Altri vengono semplicemente sospesi per un periodo. «Nella maggior parte dei casi gli accertamenti riguardano una condotta scorretta in classe, magari un comportamento esagerato del docente con i bambini» spiega Paolino Marotta, presidente dell’Associazione nazionale dirigenti scolastici. «Altre volte si tratta di offese o umiliazioni psicologiche, soprattutto nei confronti dei ragazzini delle medie o delle superiori. Le vicende di maltrattamento si contano sulle dita di una mano e purtroppo riguardano le fasce dei debolissimi: i bimbi della scuola d’infanzia». Ma cosa si può fare con i “cattivi” maestri? E perché allontanarli, se risultano davvero responsabili dopo un accertamento, è così difficile?

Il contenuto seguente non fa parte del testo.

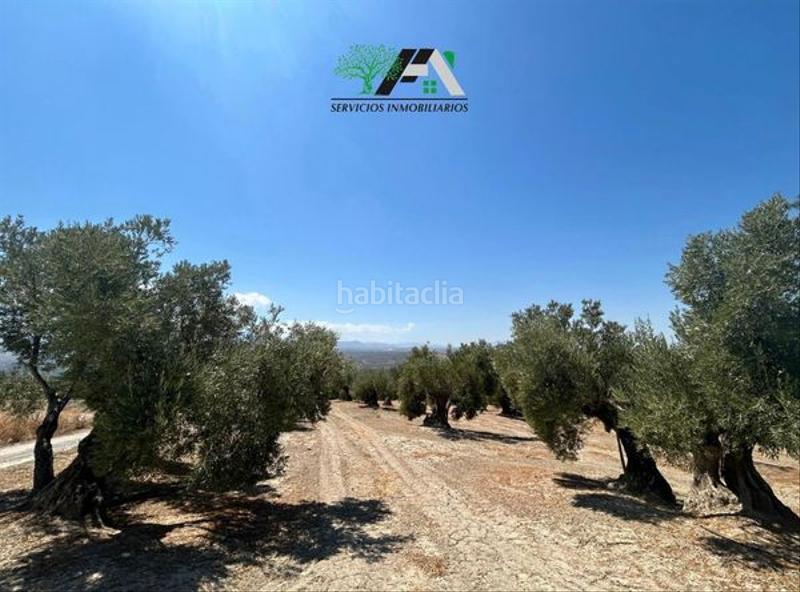 Foto 00316c64-a6dc-44f3-ac9d-b04dd89ec735. Finca rústica terreno en venta en cuesta lazaricos, en Baeza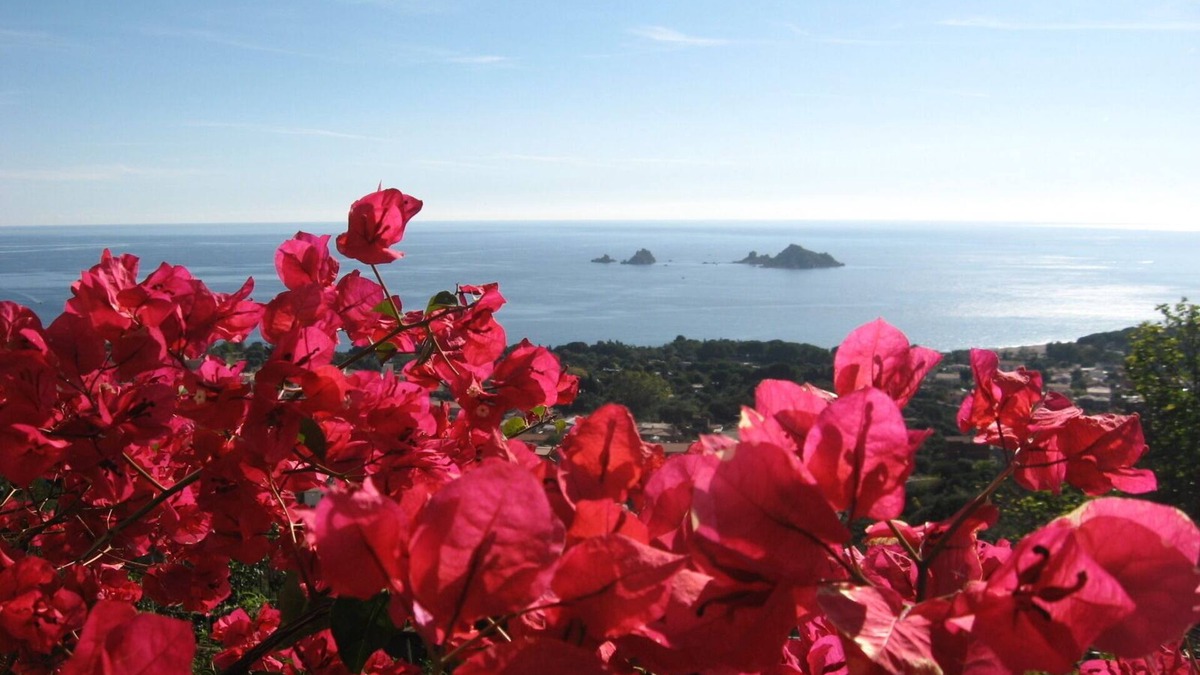 Santa Maria Navarrese Apartment | Independent apartment 700 meters from the sea with panoramic views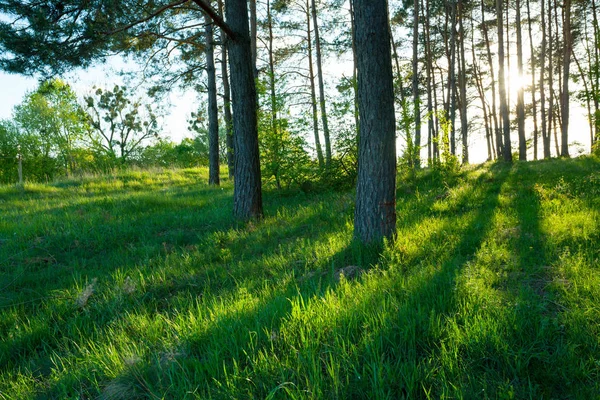 Napfény-erdő — Stock Fotó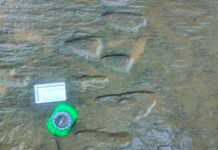 Dinosaur footprints in Michoacán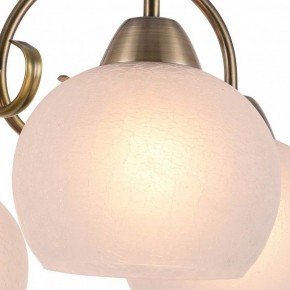 Подвесная люстра Arte Lamp Margo A9317LM-5AB в Серове - serov.mebel24.online | фото 2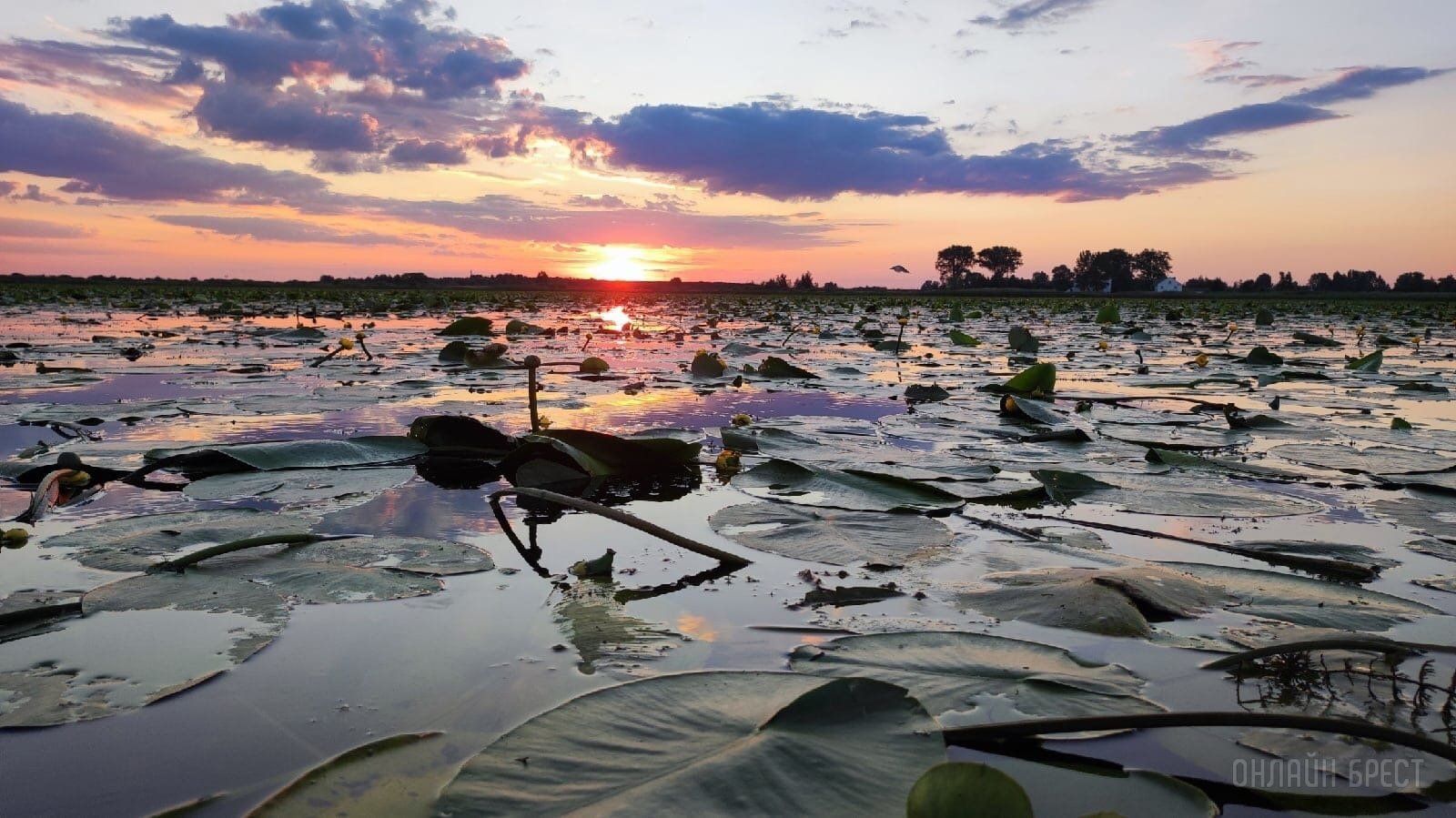 Читатель: Красота! Споровское озеро. Брестская область, Берёзовский район
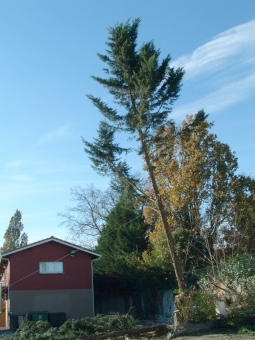 kiki.jpg (82628 bytes)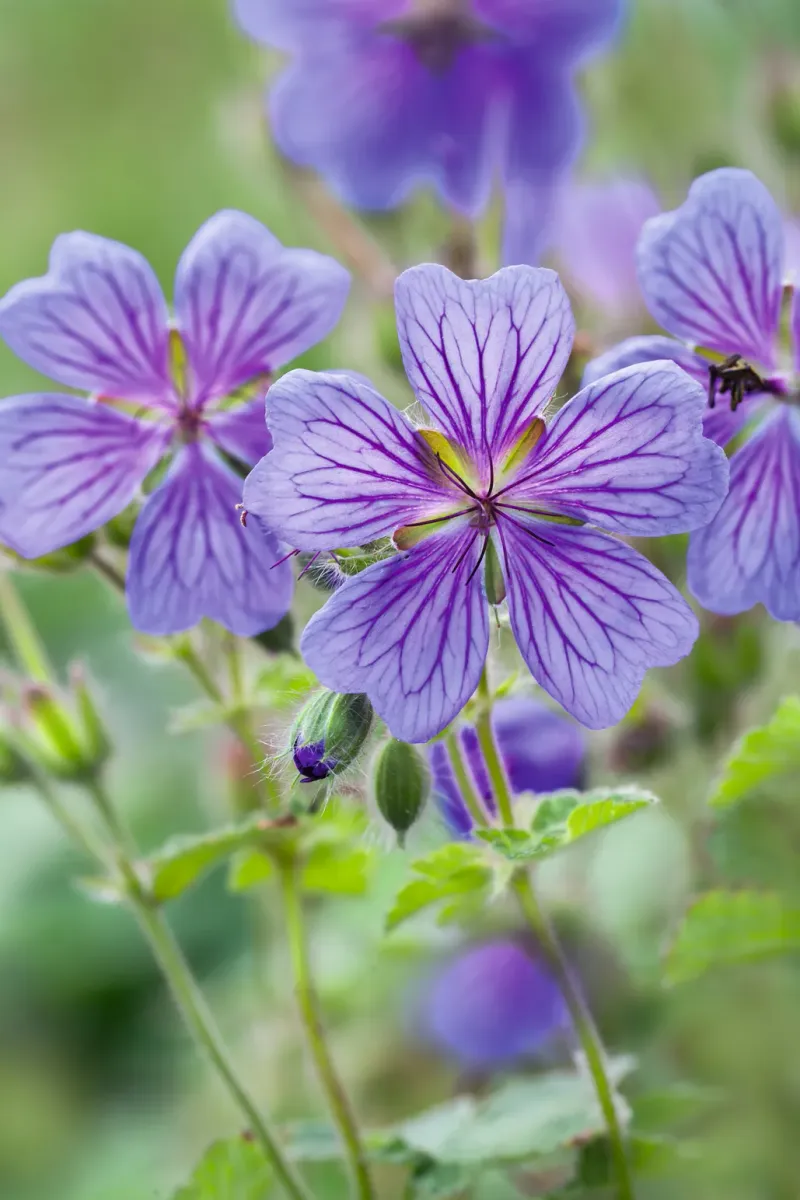 Hardy Geranium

Qual è l’iter previsto dalla legge?
Il testo unico sulla scuola del 1994 e la riforma Brunetta sul pubblico impiego del 1999 sono i 2 capisaldi che regolano la quotidianità di ogni istituto e la procedura da seguire quando un caso “esplode”. «Queste norme si applicano agli insegnanti di ogni grado: dall’asilo alle superiori» spiega Elena Spina, avvocato esperta in diritto scolastico. «In genere, il controllo parte dalla segnalazione di un problema da parte dei genitori o degli alunni: l’insegnante non ha un buon metodo didattico, non va d’accordo con la classe, abusa di atteggiamenti offensivi con i ragazzi. Il preside fa partire un’indagine interna, anche chiedendo ai colleghi di osservare come si comporta il docente: una prassi non sempre efficace, perché a volte i prof si spalleggiano».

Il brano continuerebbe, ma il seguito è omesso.